However, the well-defined linear isometry $B(X)\to B(X^*)$, $T\mapsto T^*$ is not surjective in general. Take a non-reflexive Banach space $X$ (like $c_0$, or $\ell^1$) and let $j:X\to X^{**}$ be the canonical inclusion. Since $j$ is not surjective, let $\chi\in X^{**}$ be an element outside of $j(X)$. Fix a non-zero functional $\psi_0\in X^*$ and define an operator $P:X^*\to X^*$ by $P(\phi):=\chi(\phi)\cdot\psi_0$. This is a well-defined, bounded operator (and actually its range is one dimensional, but we dont care about it).

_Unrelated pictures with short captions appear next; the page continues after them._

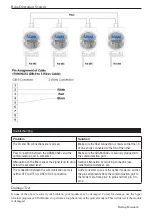 Preview for 6 page of Advantech ADAM-4542+ Startup Manual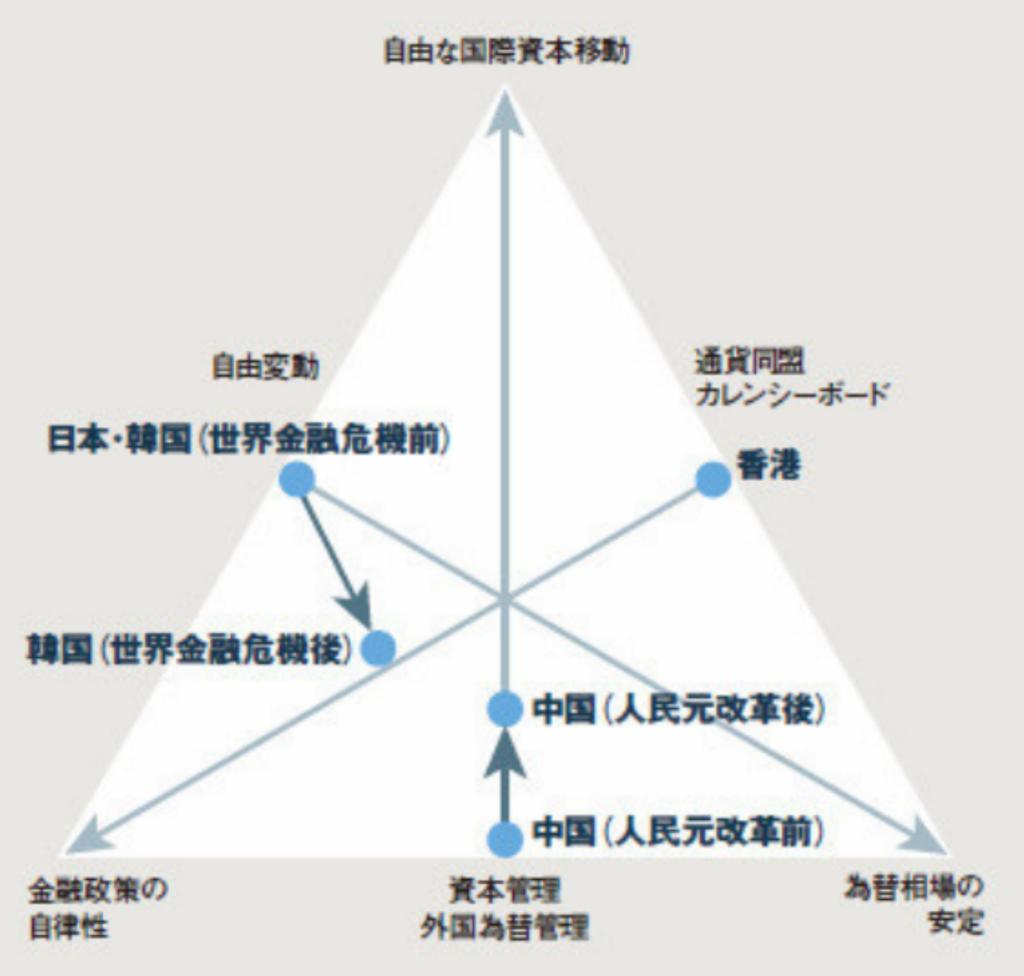 国際金融のトリレンマの話し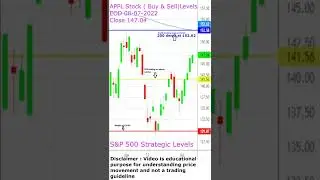 Apple stock technical analysis and levels. S&P 500 stocks to buy ?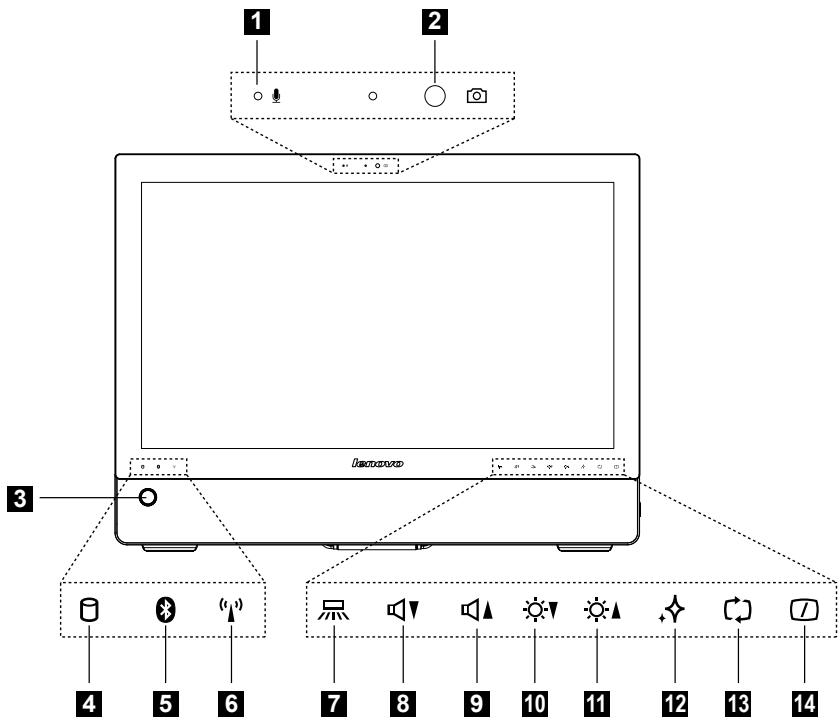 LENOVO IDEACENTRE A700 - Vue de face - 1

Now assume that $P$ is in the range of $\alpha:B(X)\to B(X^*)$, so there exists a bounded operator $T\in B(X)$ such that $P=T^*$, i.e. $P(\phi)=T^*\phi=\phi\circ T$ for all $\phi\in X^*$, so $\phi(Tx)=\chi(\phi)\cdot\psi_0(x)$ for all $x\in X$ and all $\phi\in X^*$. Since $\psi_0$ is non-zero, find $x_0\in X$ such that $\psi_0(x_0)\ne0$. We then have $$\phi(Tx_0)=\chi(\phi)\cdot\psi_0(x_0)$$ and this is true for all $\phi\in X^*$; set $\psi_0(x_0):=\lambda\in\mathbb{C}\setminus\{0\}$. We have just shown that $\chi=\frac{1}{\lambda}j_{Tx_0}=j_{\frac{1}{\lambda}Tx_0}\in j(X)$, which is a contradiction.

Note that this answer works for any non-reflexive space; in other words, if the claim in my first paragraph is true (which i think it is) we get the following:

Corollary: Let $X$ be a Banach space. The canonical linear isometry $B(X)\to B(X^*)$, $T\mapsto T^*$ is surjective if and only if $X$ is reflexive.

Comment: I've spent a few hours thinking about this, so I have to give some credit to GEdgar. I knew the counter-example would come from the non-reflexive world from the first moment I started on this, but I was trying to give an answer specifically for $X=c_0$; after seeing GEdgar's comment I realized there is no need to go in a specific space, the abstraction actually helps here.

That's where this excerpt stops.